Le transport maritime à l’échelle du monde global
Il va sans dire que l’ère de la globalisation économique est un âge d’or pour le transport maritime. Naturellement, depuis le XVIe siècle, la planète a toujours été un vaste monde d’échanges. Cette échelle des échanges n’a jamais été telle qu’aujourd’hui, non plus que son corollaire qu’est le vecteur maritime. La croissance des échanges volumétriques et géographiques produit une augmentation sans précédent du transport maritime : plus de marchandises, plus de navires, plus de quais.
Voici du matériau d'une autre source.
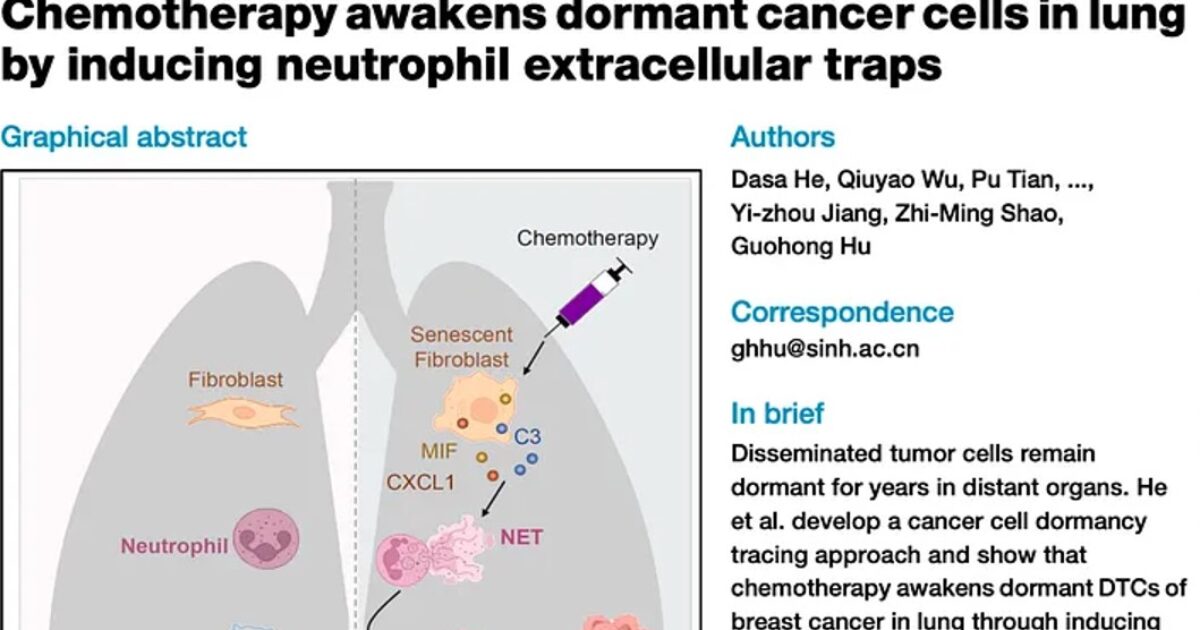 Surprising Research Indicates Chemotherapy Restores Inactive Cancer Cells – Causes Metastasis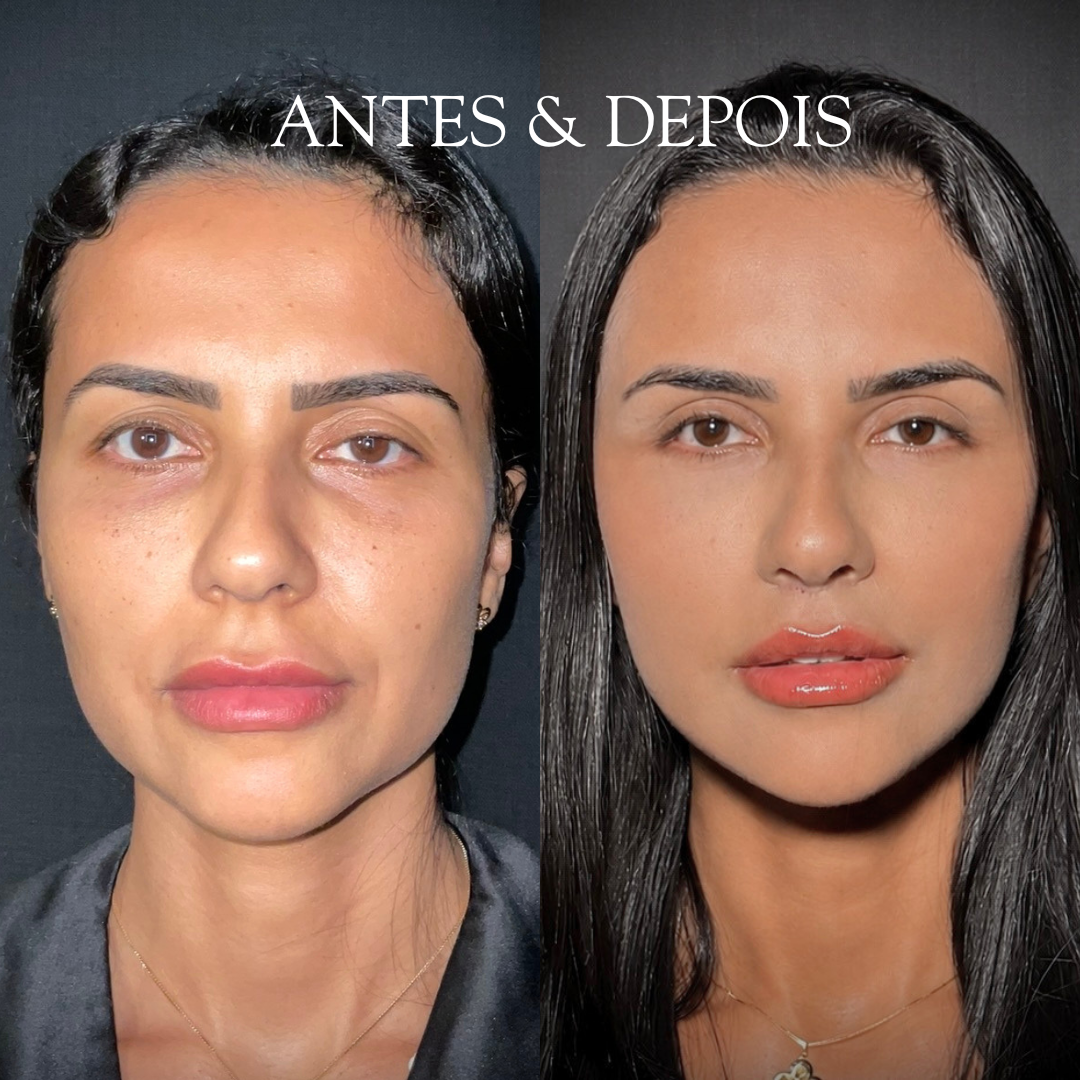 Antes e depois - Resultado de procedimento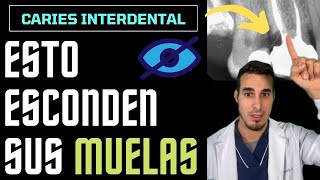 Te SORPRENDERÁ lo que ESCONDEN estas muelas  CARIES INTERDENTAL O INTERPROXIMALES [upl. by Toombs]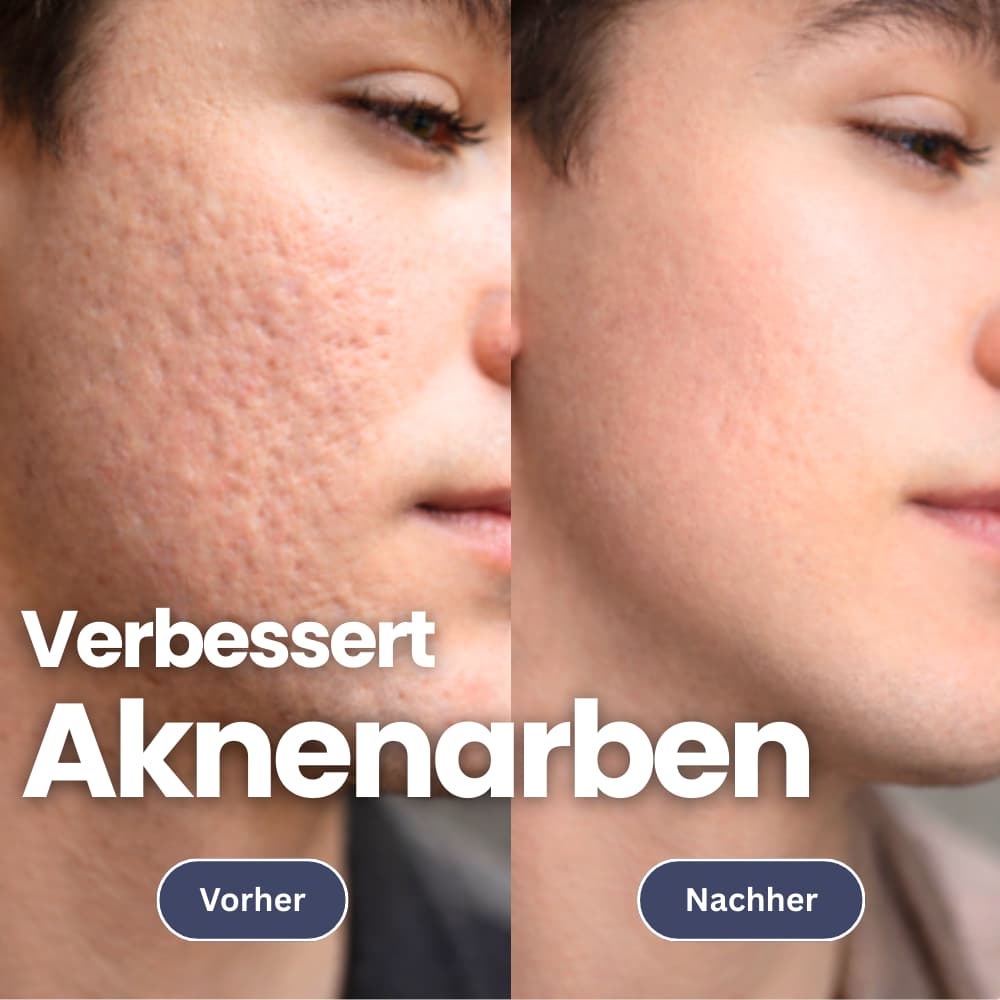 Microneedling Infusionset für eine straffe Haut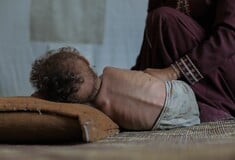 Γάζα: «Δεν υπάρχουν ενδείξεις γενικευμένου υποσιτισμού» επιμένει το Ισραήλ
L’âge d’or du transport maritime
L’origine de tout cela est l’étalement planétaire des productions manufacturières. Les délocalisations ont nourri des flux de rapatriement maritimes vers les consommateurs occidentaux. Cette industrialisation impulsée par les compagnies américaines, européennes et japonaises est à l’origine des émergences économiques. De la croissance de ces économies, mais aussi de celles des producteurs de matières premières, sont nés de nouveaux échanges, la fourniture d’énergies comme de biens d’équipement et de consommation. Là encore, le transport maritime a trouvé des ressources de croissance.
Ainsi, l’ère de la globalisation économique est celle d’un transport maritime qui concerne tous les espaces mondiaux avec des flux en tous sens. Certes, l’Amérique du Nord, l’Europe et l’Asie du Nord-Est dominent les destinations, mais le reste du monde est entré dans le maillage maritime de la planète. Les Suds ne sont plus seulement des extracteurs de matières premières et des marchés mineurs, ils ont leur propre valeur et méritent des investissements de modernisation portuaire importants.
Dans ce contexte, on comprend mieux l’échelle actuelle du transport maritime. En effet, en 2017, le volume international de marchandises échangées par voie de mer a atteint 11,5 milliards de tonnes (Mdt), soit le double d’il y a 20 ans, et 200 millions de conteneurs, le quadruple. Selon les statistiques officielles chinoises, les entrants et sortants internationaux par les ports seraient de 4 Mdt, faisant de la Chine la responsable d’un tiers de l’activité mondiale.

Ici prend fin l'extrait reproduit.